Remember that Amazon only counts their rev share on 3P in revenue, so the gross sales from Amazon are actually a good $10b bigger/yr than even this chart shows!



With this core thesis that Amazon will essentially be the next Wal-mart, but faster because they don’t have to build out thousands of physical store, he smacks a 2014 revenue bogie of $100B for Amazon.  Seems crazy, but with the company doing > $40b this year and a 50% growth you can get there pretty quickly (60b in 2012, 90b in 2013, 120b in 2014) – and actually that assumes things slow down somewhat, so $100B could actually turn out to be conservative!

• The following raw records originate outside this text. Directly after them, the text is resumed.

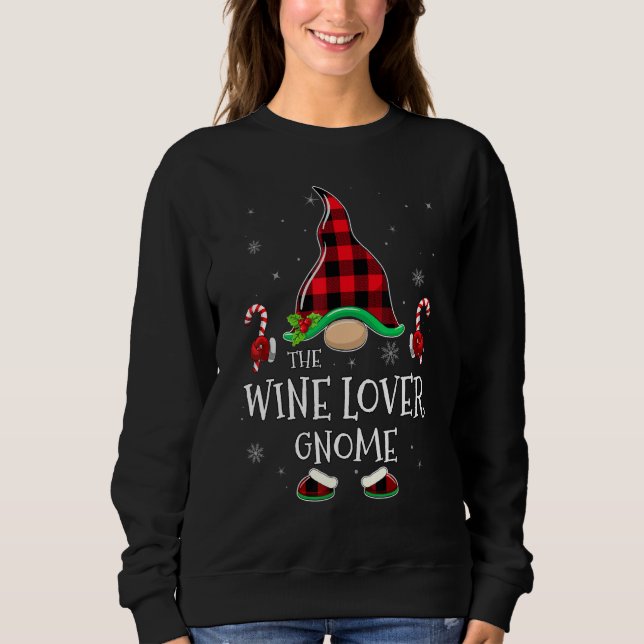 Sweatshirt Wine  Gnome Buffalo Plaid Matching Family Christma (Devant)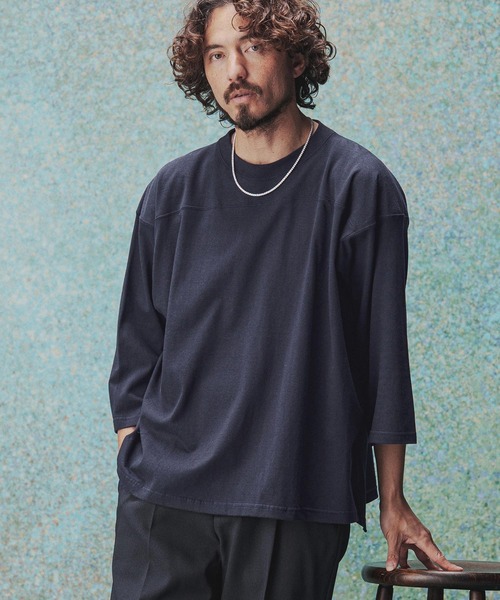 THEOREM(セオレム)の「mt10474- Football QS Tee フットボールTシャツ(TRM-6699)(Tシャツ/カットソー・メンズ・ダークネイビー/オフホワイト/ブラック/杢グレー・L/M)」の4枚目の写真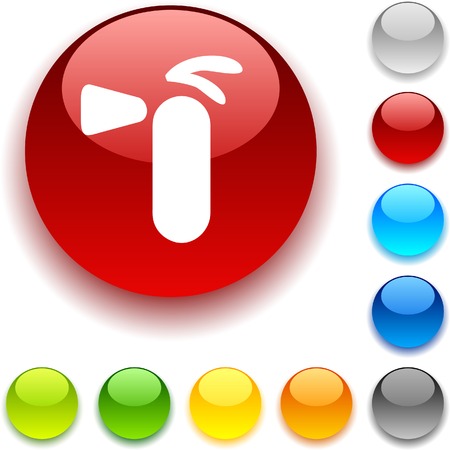  Extinguisher shiny button. Vector illustration.のイラスト素材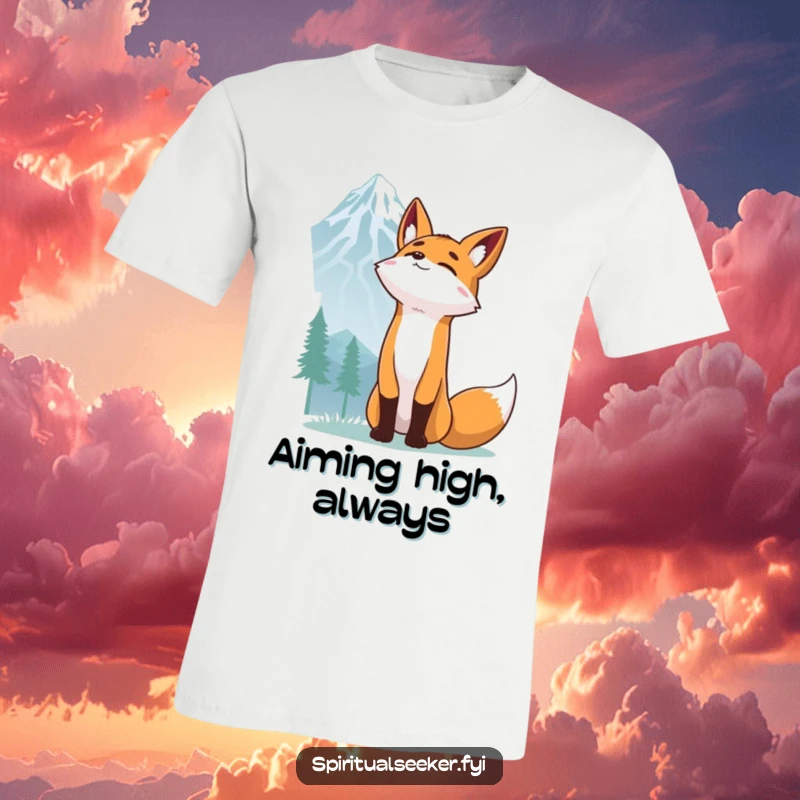 Funny Fox T-Shirt: Determined fox stretching towards a mountain peak, a design radiating humorous ambition.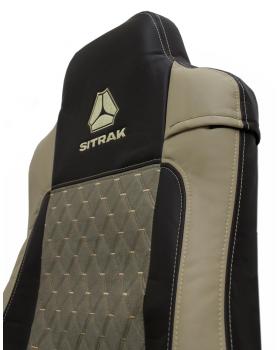 Чехлы SITRAK MAX Original Велюр Экокожа Бежевый/Коричневый-foto4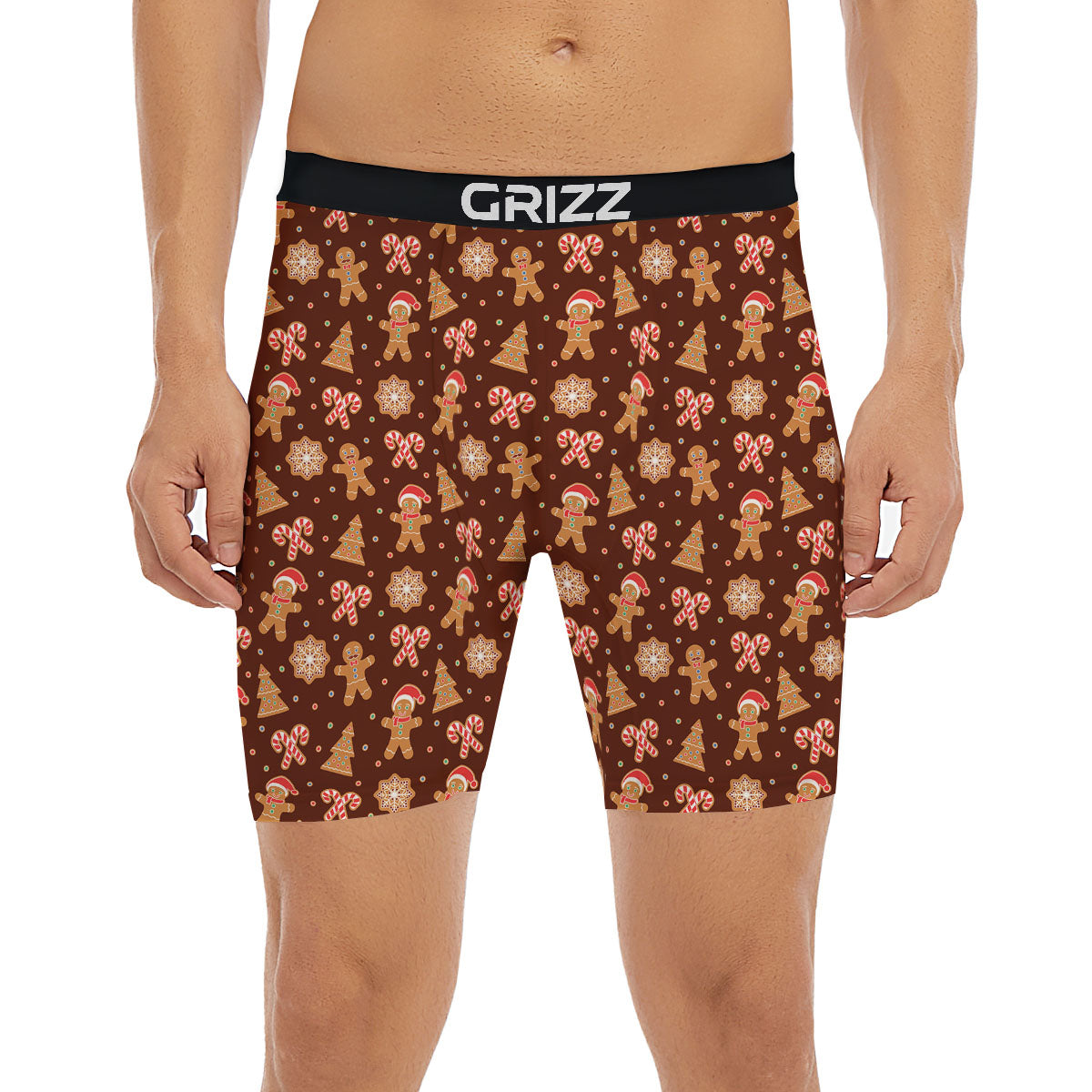 Gingerbread Man Print Pattern Boxer Briefs-grizzshop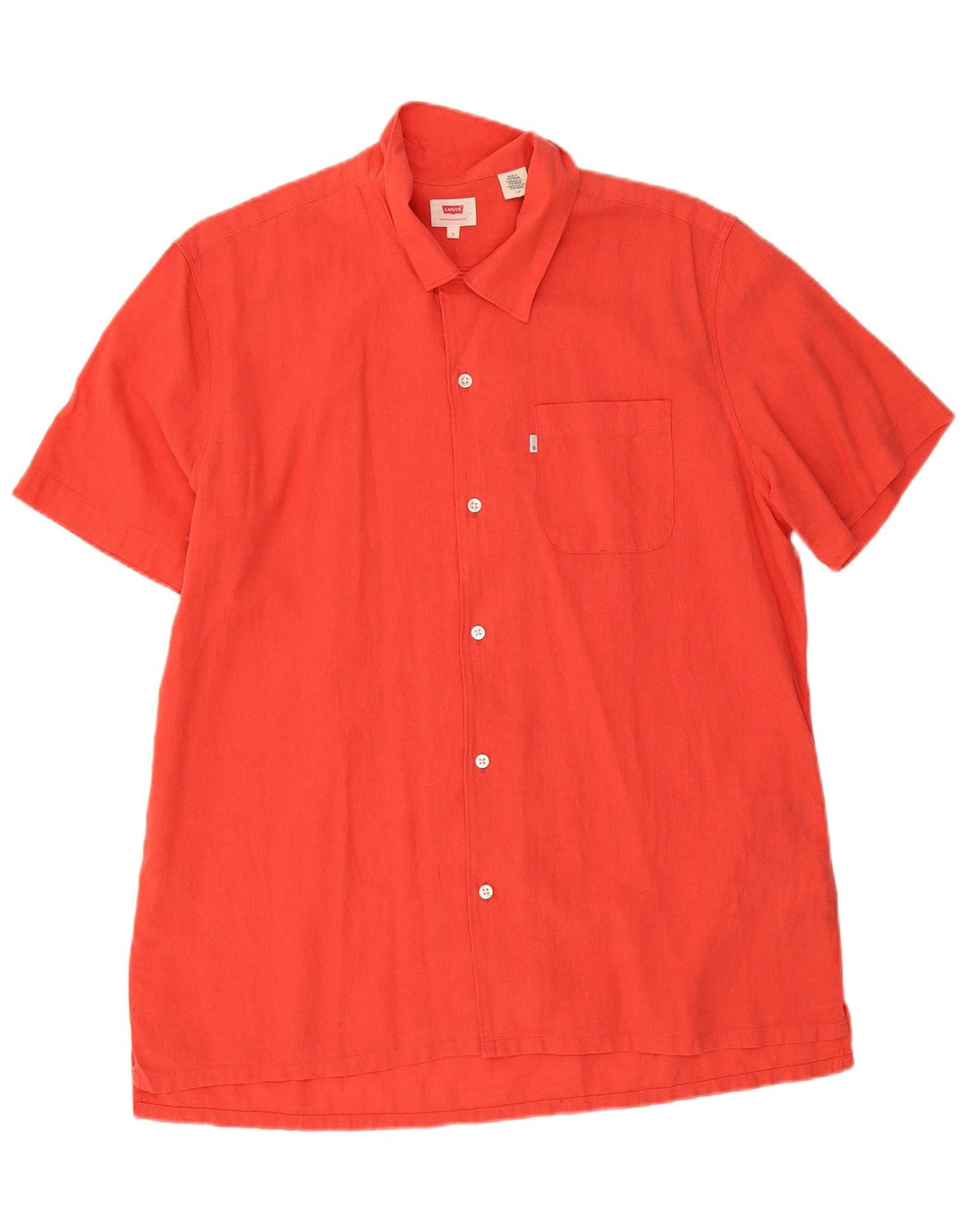 Levi's Camisa de manga corta para hombre, talla grande, lino rojo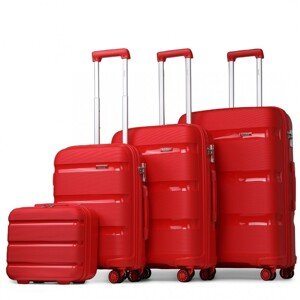 KONO Set 4 kufrov z polypropylénu - 15L, 44L, 77L, 111L - červená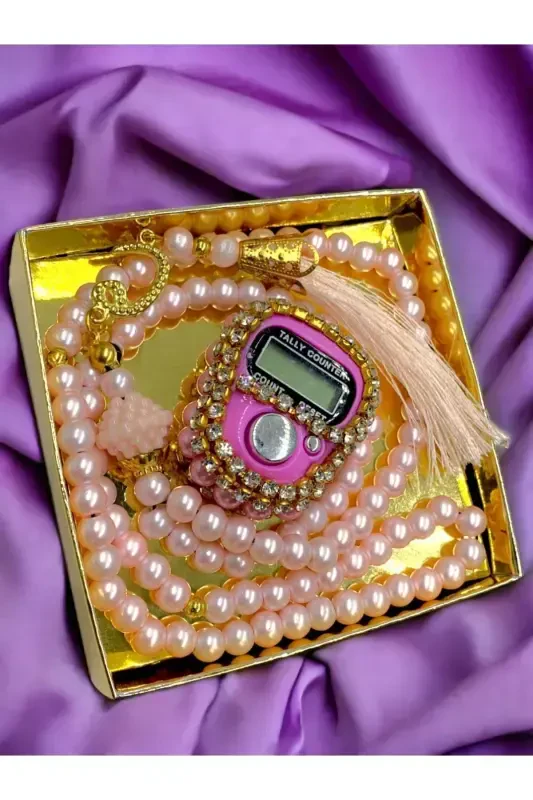 Sovg'a toshli zikr va tasbeh to'plami qutisi bilan - pushti - 1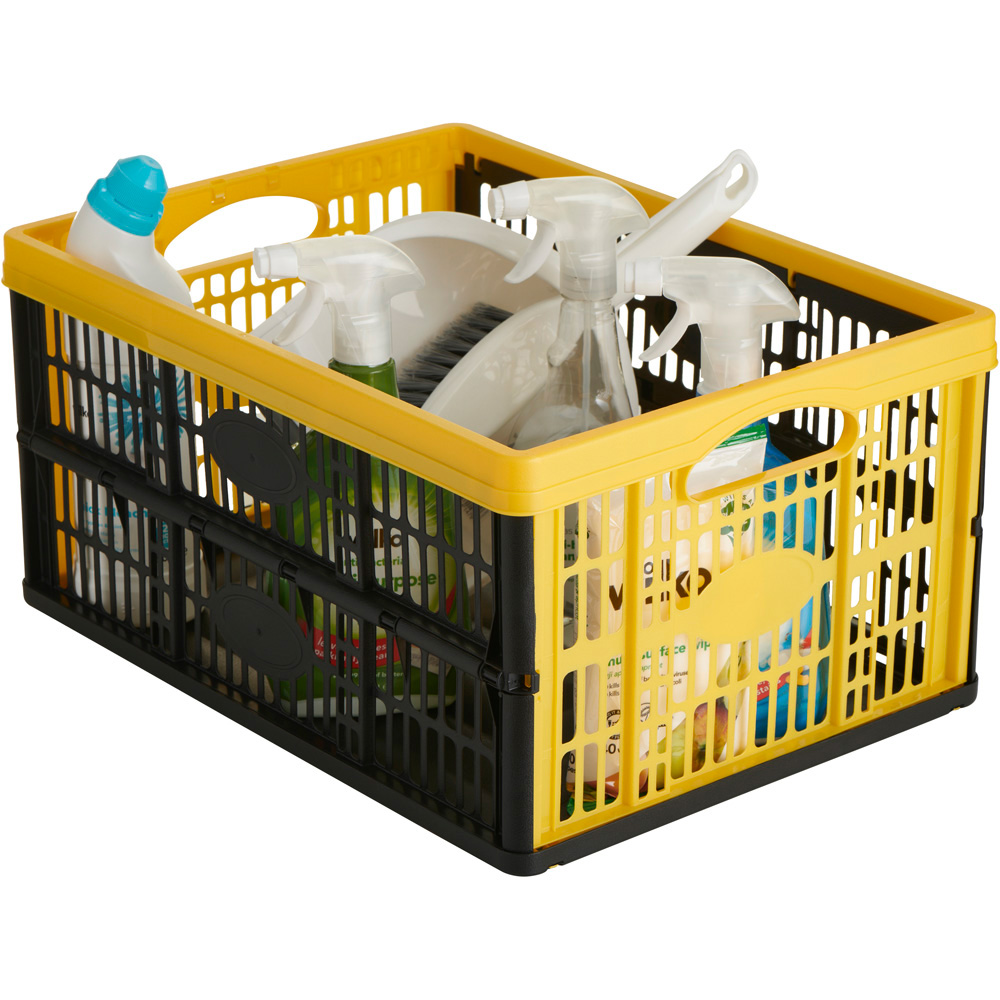 Wilko Black and Yellow Medium Folding Crate Wilko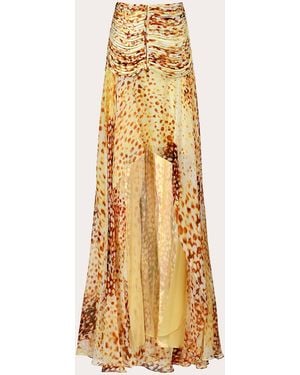 Francesca Miranda Vela Printed Silk High-Low Skirt - Metallic
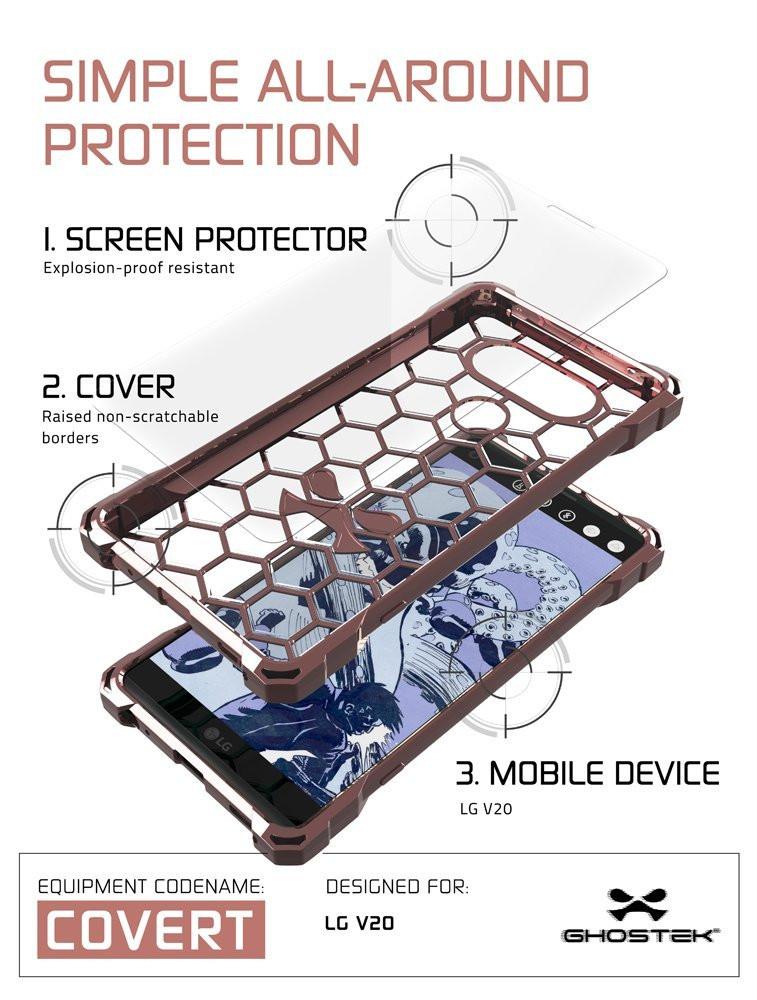 LG v20 Case, Ghostek® Covert Peach, Premium Impact Protective Armor | Lifetime Warranty Exchange
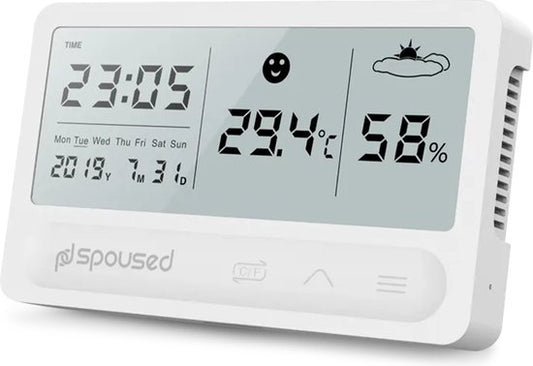 Spoused Hygromètre numérique - Thermomètre d'intérieur - Humidimètre - Station météo - Blanc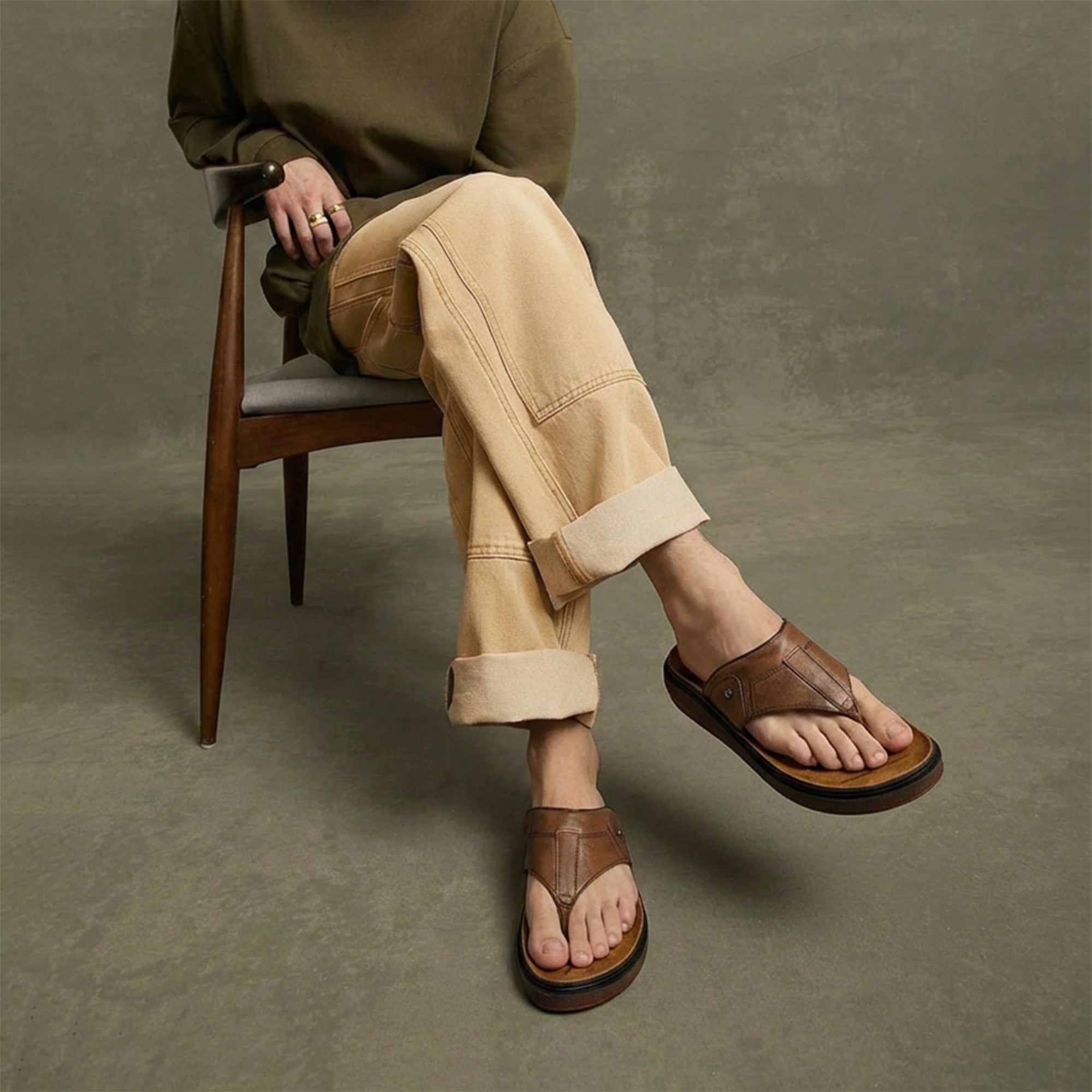 Azur: Tan Stitched Thong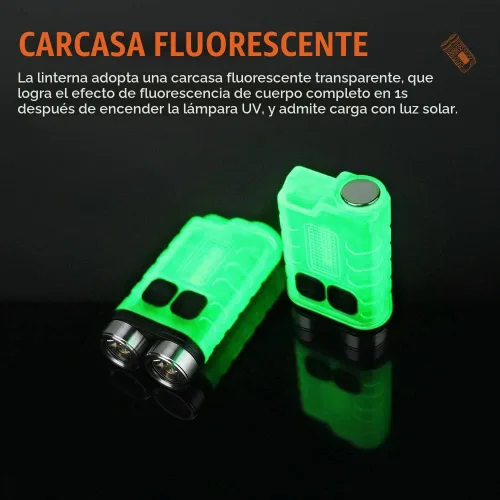 Vista 6 de BORUIT V3 pequeña linterna EDC potente con luz roja UV azul - súper brillante recargable mini llavero LED linterna de bolsillo - 10 modos, USB-C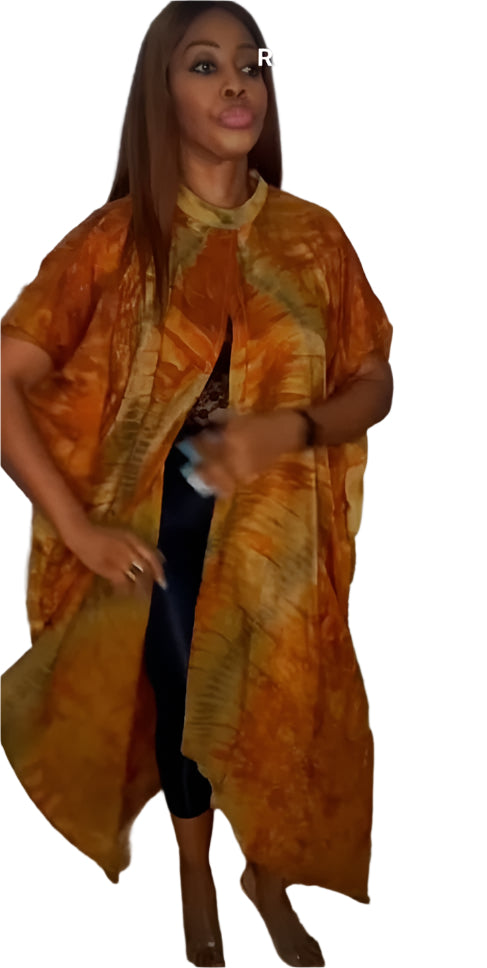 Eezzy Adire Silk Split Kaftan Maxi Dress - 051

This quarter provided more mounting evidence that Amazon is essentially running away with market share in e-commerce.  Consequently, we believe retailers urgently need to think of an Amazon Strategy – partner, compete, co-opetition?  Amazon is becoming so big and growing so fast, you almost can’t afford not get on this train.


SeekingAlpha disclosure – I am long google and Amazon. eBay is an investor in ChannelAdvisor where I am CEO.